Geçmişte hadis müdafaanâmeleri yapılır ve yazılırdı. Bunlar, daha çok üzerinde şüphe izhar olmuş hadislerin ilmi bakımdan savunulması şeklinde idi. Ancak güncel fitne, maalesef, birkaç hadisin savunulması bir yana, topyekün Kur'an-ı Kerim'in ve Sünnet'in müdafaa edilmesini kaçınılmaz kılmaktadır. Zira dışarıdan ve içeriden hücum topyekün yapılmaktadır. Ancak ben, sözkonusu programda gündeme gelen sadece "bir mucize hadis-i şerif"in abide kimliğinin nasıl beş paralık hale dönüştürüldüğünün altını çizerek işin vahametine değineceğim.
Hadis-i şerif şu... Alemlerin peygamberi Hz. Muhammed (sav) buyuruyor ki: Haberiniz olsun; bana Kitap ve onunla birlikte onun gibisi verilmiştir. Sakın ola sizden hiçbirinizi, karşısına benim kendisine emrettiğim veya kendisini ondan sakındırdığım bir iş/emir geldiğinde rahat rahat koltuğuna kurulmuş olduğu halde "Bunu tanımayız; biz ancak Kur'an'da bulduğumuzu alırız / (Bir diğer rivayette) Hadis'i bırak, bana Kur'an'dan oku" derken görmeyeyim. Dikkat ediniz! Allah Rasulünün haram kıldığı da Allah'ın haram kıldığı gibidir."
Bu hadis-i şerif, kendisiyle oynamak isteyenleri ve bu arada tabii kimilerini iskele sancağını adeta yere indiriyor; bir tek bu hadis-i şerif bile programı bitirmeye yetiyordu.
Prof. Dr. Suat Yıldırım Hoca sanki biraz da meslektaşlarından çekinerek bu hadis-i şerifi nakletti. Anında ilk tepki, rengi benzi pancara dönen Prof. Dr. Yunus Vehbi Yavuz beyden geldi. Tepki, maalesef din ve ilim hassasiyetinden uzak tarzda aynen şöyleydi: "Ben araştırmadım, ama bu hadisin şüpheli ve zayıf olduğunu düşünüyorum." Kendince bir manevrayla hadis-i şerifi devre dışı bırakmaya çalıştı. Suat Hoca bir anda boşluğa düştü; hadis-i şerif ile meslektaşı arasında yapmak zorunda kaldığı otomatik tercihte, meslektaşını rencide etmemeyi tercih etti. Hadisin zayıf ve şüpheli olmadığının, bilakis sahih ve son derece kuvvetli bir delil olduğunun altını çizmedi. Suküt ederek, farkında olmadan Yunus Vehbi beyi tasdik etmiş oldu.
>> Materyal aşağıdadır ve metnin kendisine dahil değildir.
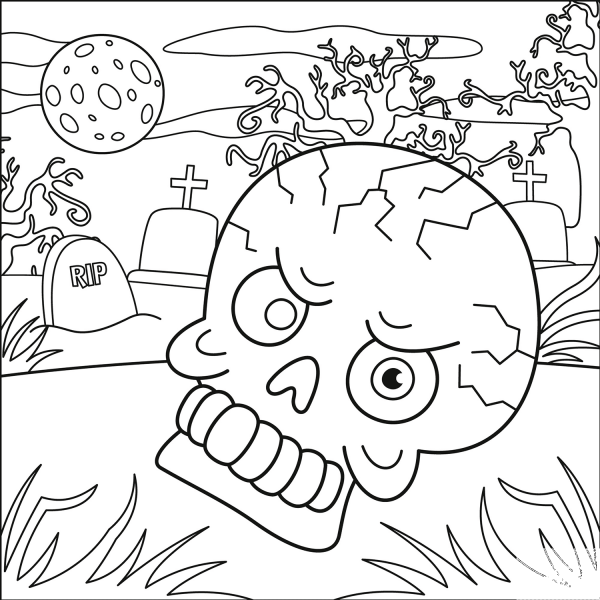 Evil Skull coloring page image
Birkaç dakika sonra aynı hadisten rahatsız olduğu belli olan diğer bir konuşmacı, Diyanet'ten sayın Prof. Dr. İsmail Hakkı Ünal daha da pervasızca devreye girdi. "Suat beyin okuduğu hadis konularında incelemeler yapılmış; bütün bunlar zayıf ve sonradan uydurulmuş şeyler" hükmünü kondurdu.
İlim ve din yüksek haysiyet ve kalbi hassasiyet gerektiren alandır. Hele de sünnet gibi İslam'ın Kur'an'dan sonraki ikinci temel dayanağı konusunda hiçkimse, bu derece pervasız ve toplumu fitneye sürükleyecek nitelikte ölçüsüz davranamayı samimiyetle bağdaştıramaz.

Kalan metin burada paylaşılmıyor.